Er beteiligte sich an der Gründung der „Bewegung Freies Deutschland“. Infolge von Ermittlungen gegen Jakob Hug und Susanne Schüle wurden die Schweizer Ermittler auch auf Fritz Sperling aufmerksam. 1941 wurde er wegen „fortgesetzter kommunistischer Tätigkeit und Propaganda“ verhaftet und interniert. Bis zum Frühjahr 1943 verblieb er in Einzelhaft. Die vorgesehene Abschiebung nach Deutschland wurde aufgrund der ihm dort drohenden Todesstrafe nicht in die Tat umgesetzt. Stattdessen musste Sperling im Sonderlager für Linksextremisten in Gordola (Tessin) arbeiten.

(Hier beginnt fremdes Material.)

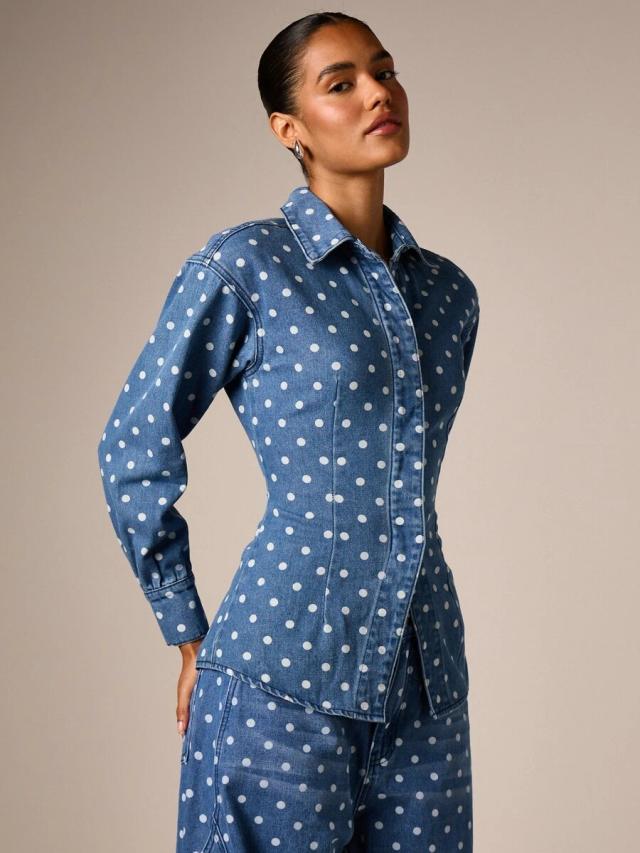 polka dot denim button-up shirt with princess seams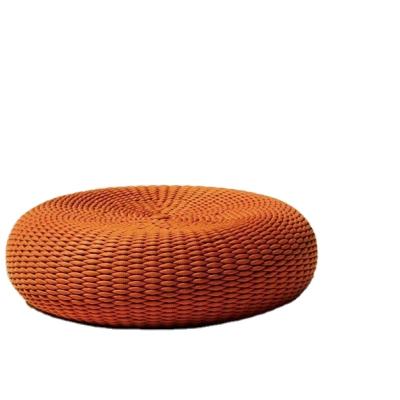 China Casual Relax Bean Bag Sufficiency Round Stool Knitted Lazy Sofa Floor Chair Pouf Rattan Outdoor Furniture for sale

Kurz nach der deutschen Kriegsniederlage, im Juli 1945, kehrte Sperling nach Deutschland zurück und wurde KPD-Landesvorsitzender in Bayern. Der 15. KPD-Parteitag im April 1946 delegierte Sperling neben elf weiteren Spitzenfunktionären (u. a. Kurt Müller, Walter Fisch, Max Reimann und Albert Buchmann) in den Parteivorstand der SED. Er – wie auch die anderen elf – mussten auf Anordnung der westlichen Besatzungsmächte jedoch wieder ausscheiden, da die SED im Westen nicht zugelassen war.[1] 1947 heiratete er Lydia Hug, die er im Schweizer Exil kennengelernt hatte. Mit der Bildung des KPD-Parteivorstandes im April 1948 wurde er eines der fünf Sekretariatsmitglieder. Als solcher begrüßte er anfangs die aus Moskau gesteuerten parteiinternen Säuberungen im Zuge der Noel-Field-Affäre. Nach der Verhaftung Kurt Müllers wurde er 1950 dessen Nachfolger als stellvertretender KPD-Vorsitzender. Infolge während der Haft in Internierungslagern erlittener Gesundheitsschäden sollte Sperling im Regierungskrankenhaus der DDR auf Einladung der SED behandelt werden. In Berlin wurde er Anfang Februar 1951 im Auftrag der SED seines Postens im Parteivorstand enthoben, am 26. Februar verhaftet und in das Untersuchungsgefängnis der Staatssicherheit in Berlin-Hohenschönhausen gebracht. Grund für seine Verhaftung war seine Haltung im Schweizer Exil. Ein ordentlicher Haftbefehl erfolgte erst am 17. April 1953. In Hohenschönhausen wurde Sperling sowohl vom KGB als auch vom MfS Tag und Nacht verhört und unter Einsatz von Foltermethoden zu einem falschen Geständnis gezwungen.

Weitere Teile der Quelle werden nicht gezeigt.